-- Problem requirements --
Give the data again in full, without pictures.

-- Supplied information --
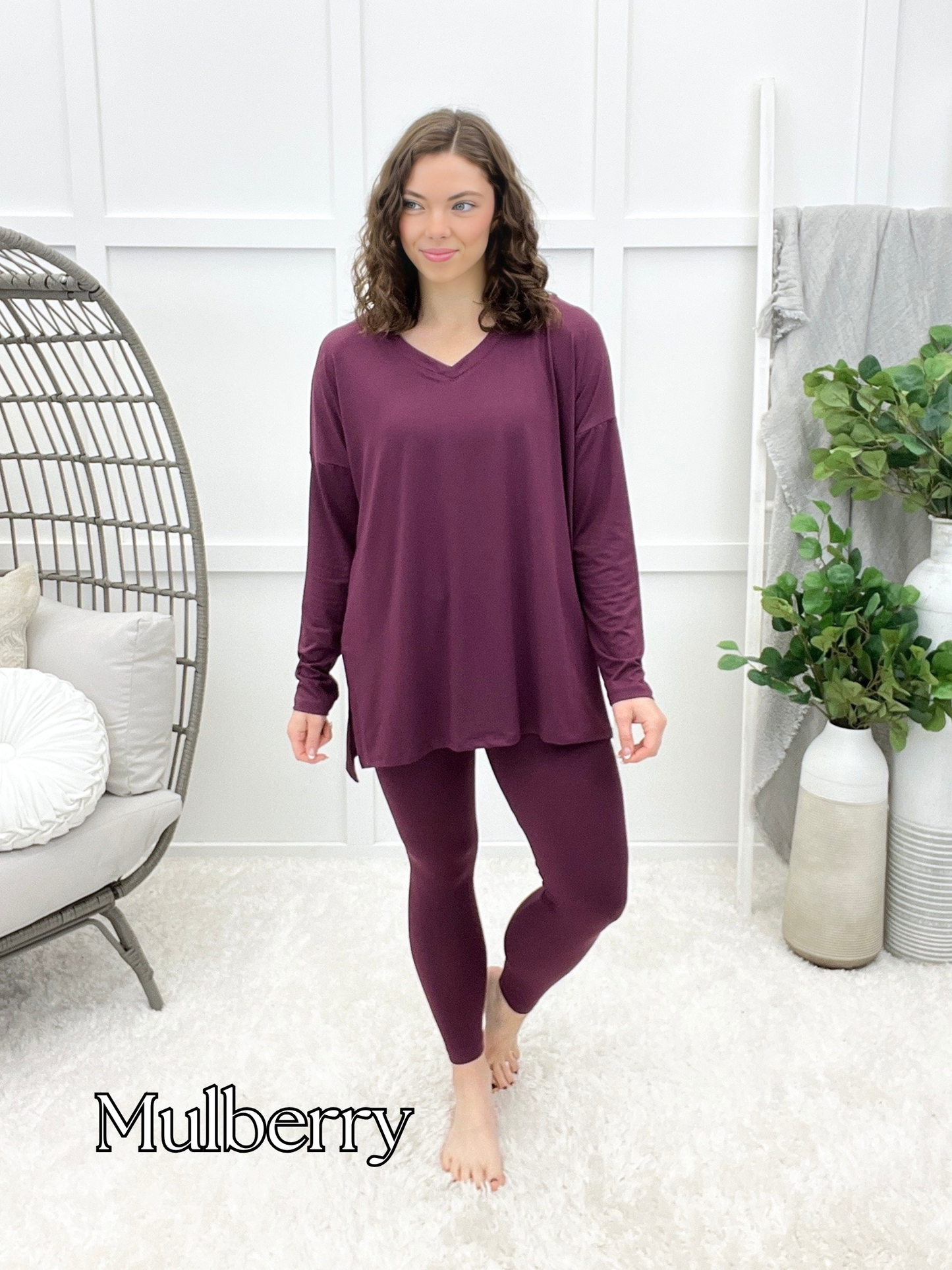 Cloud Nine Luxe Lounge Set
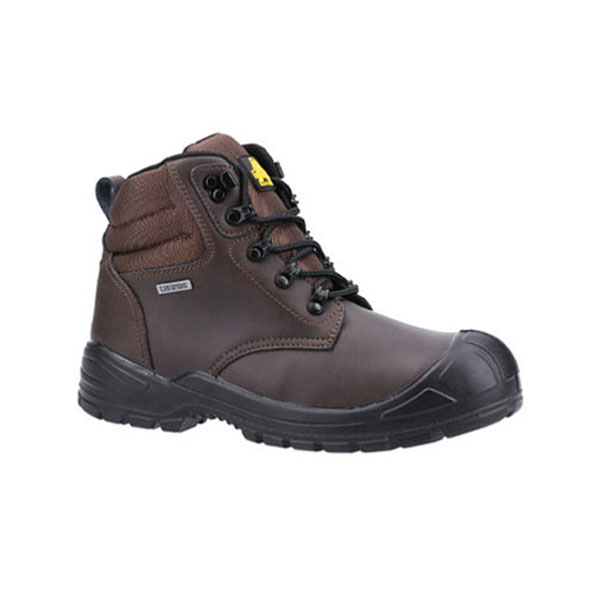241 Work Boot – Reliable Safety Footwear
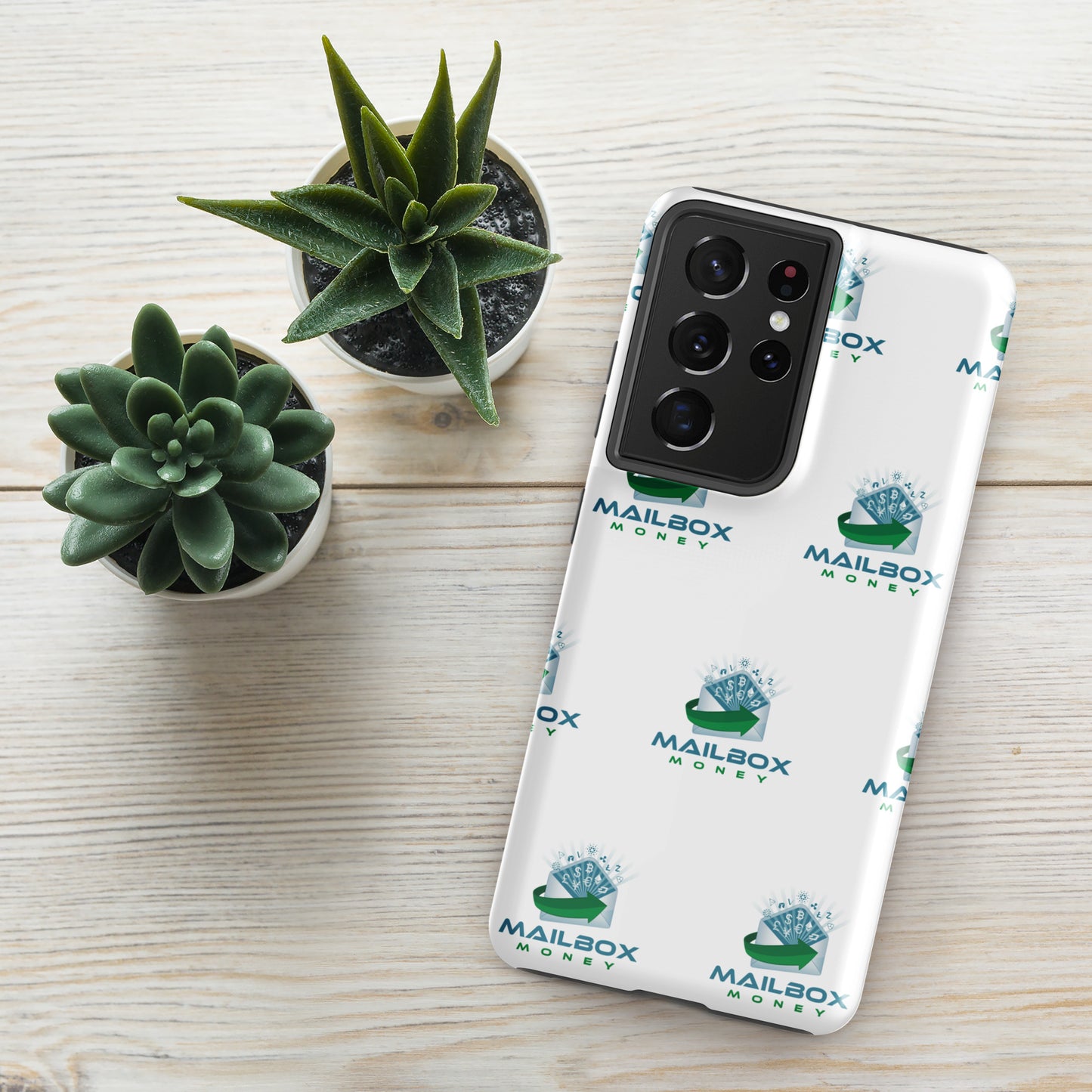 Mailbox $ Samsung® Case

-- Completed exercise --
 Cloud Nine Luxe Lounge Set
241 Work Boot – Reliable Safety Footwear
 Mailbox $ Samsung® Case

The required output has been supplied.